[ZODB-Dev] Tracking down causes for the recent POSKeyError problems we get ...

Joachim Werner joe@iuveno-net.de
Sun, 12 Jan 2003 13:28:19 +0100


Hi!

A while ago I posted about frequent POSKeyErrors we are getting. Before 
blaming FileStorage I'd like to track down the possible causes on 
application level.

For that I'd need some hints:

Running fstest.py returns errors like this (I modified it to not stop at 
the first error it encounters):

606435173 object serialno 0x0348d1012f1eebc4 does not match transaction 
id 0x0348d101f2f4aff7

622613103 object serialno 0x0347852012dcb4a2 does not match transaction 
id 0x0348f77b1bf2f866

622613454 object serialno 0x034800c732d74de6 does not match transaction 
id 0x0348f77b1bf2f866

I haven't found the time yet to dive into ZODB internals. What I'd need 
to know is how I can get Zope (or some Python script instead) to return 
the actual object involved (e.g. formatted as an XML export). I want to 
be able to see if the errors are related to a certain meta_type, type of 
transaction (e.g. copy&paste, object creation, ...) or time.

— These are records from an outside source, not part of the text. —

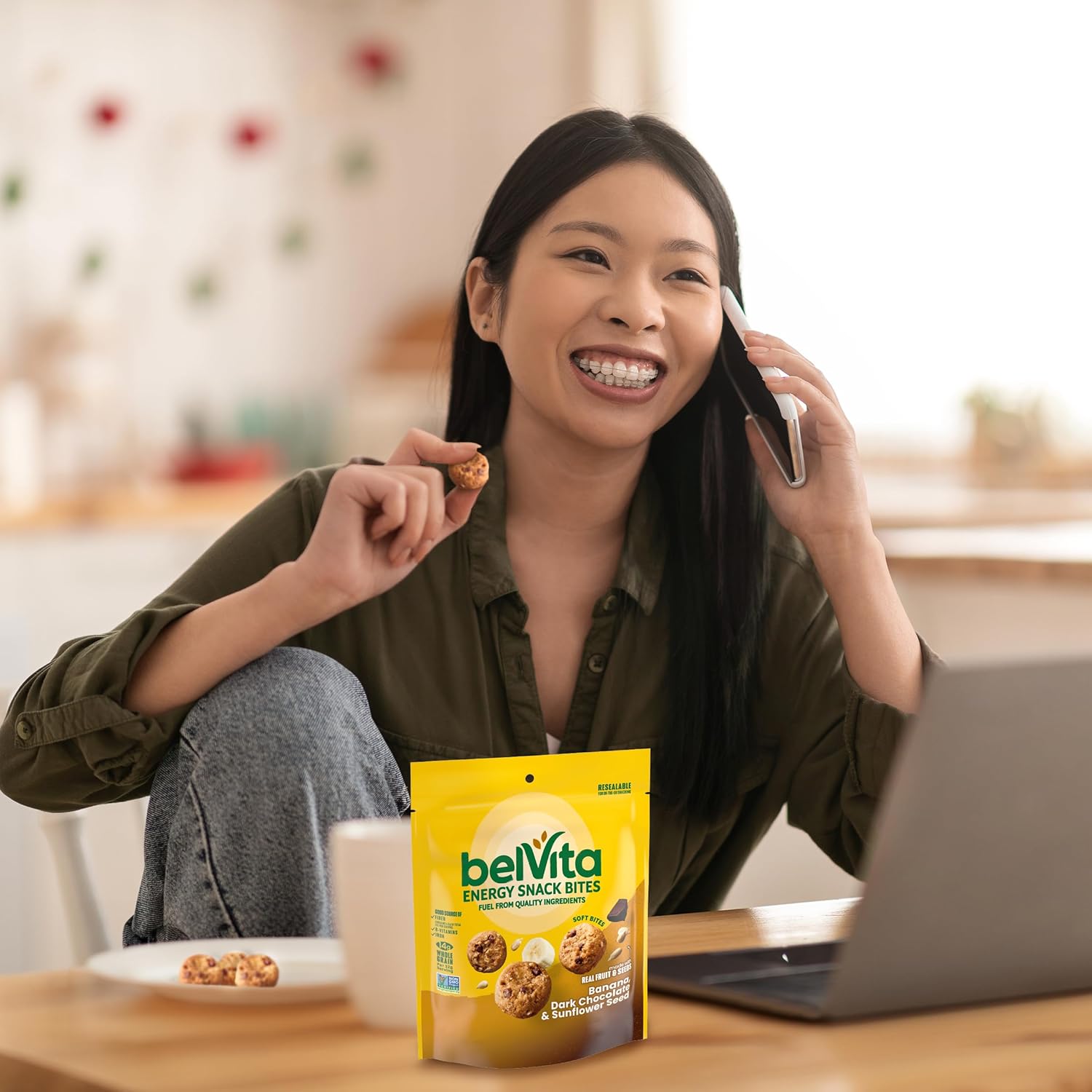 belVita Banana Dark Chocolate Snack Bites – Mindful Midday Refuel with No Artificial Sweeteners, Soft-Baked 5 oz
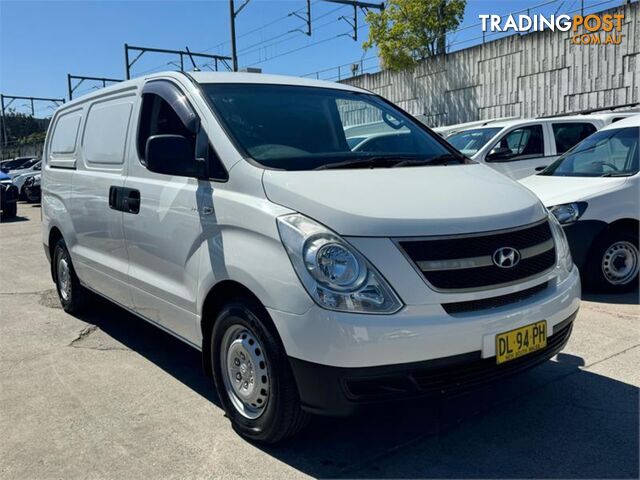 2010 HYUNDAI ILOAD  TQ V VAN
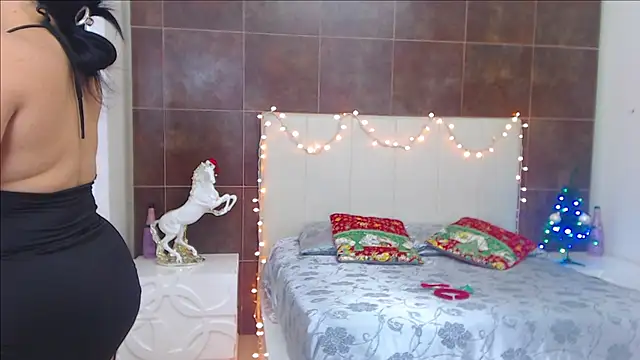 PamelaTomson online show from December 6, 12:38 pm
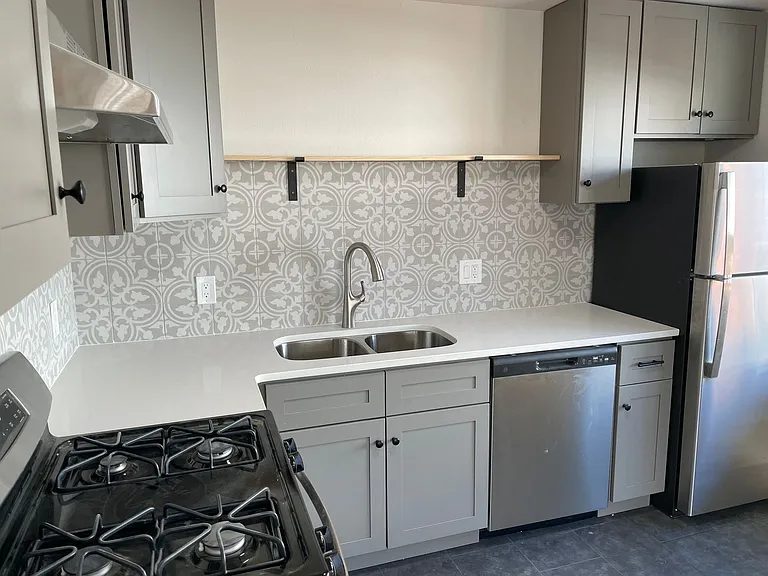 465 N Clarkson St — Photo 11
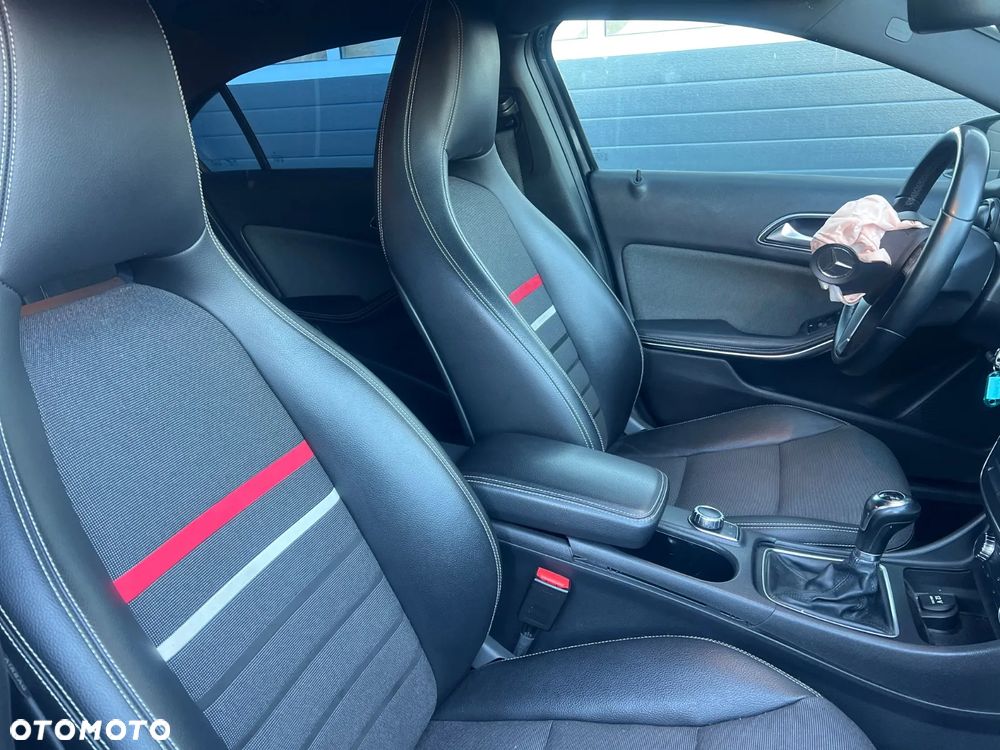 Mercedes-Benz Klasa A 180 - 22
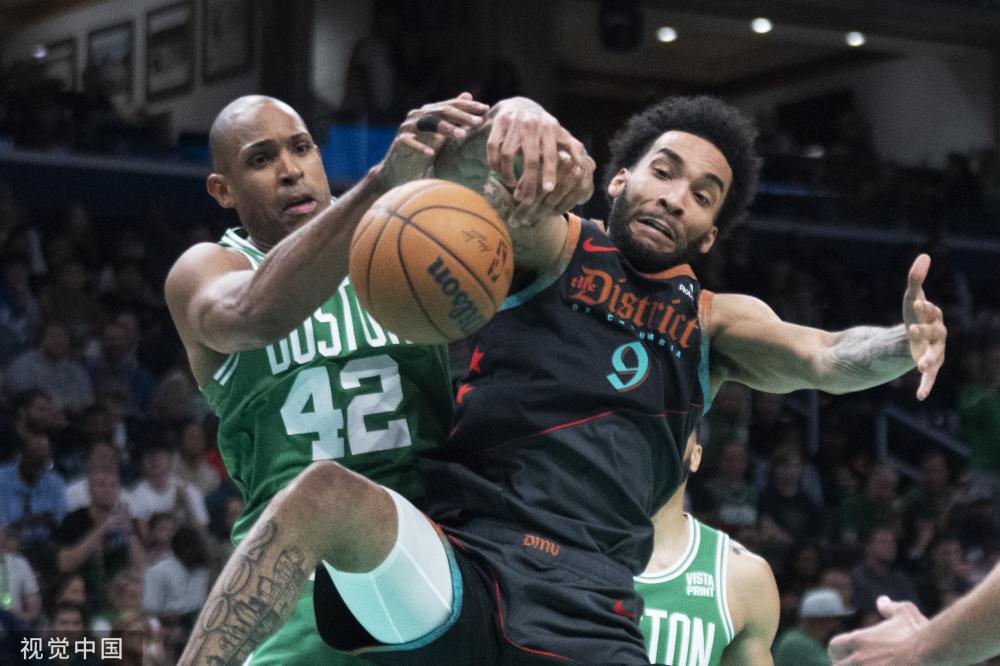 也凭借自己 也凭借自己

I have not verified this yet, but I think the errors fstest.py returns 
relate to the problems we frequently get: It seems that certain objects 
get lost when the database is packed. So they are still referenced 
somewhere, but the record is removed. This then causes a POSKeyError as 
soon as Zope tries to use the object.

I'd appreciate any kind of hints that help me understand what is going on:

- How does the packing algorithm find out if an object can be removed?

- How can errors like the above (serialno doesn't match transaction id) 
occur?

I am really scared because I didn't have a single case of ZODB data 
corruption for years and now we are getting them on a weekly, sometimes 
daily base ...

Cheers

Joachim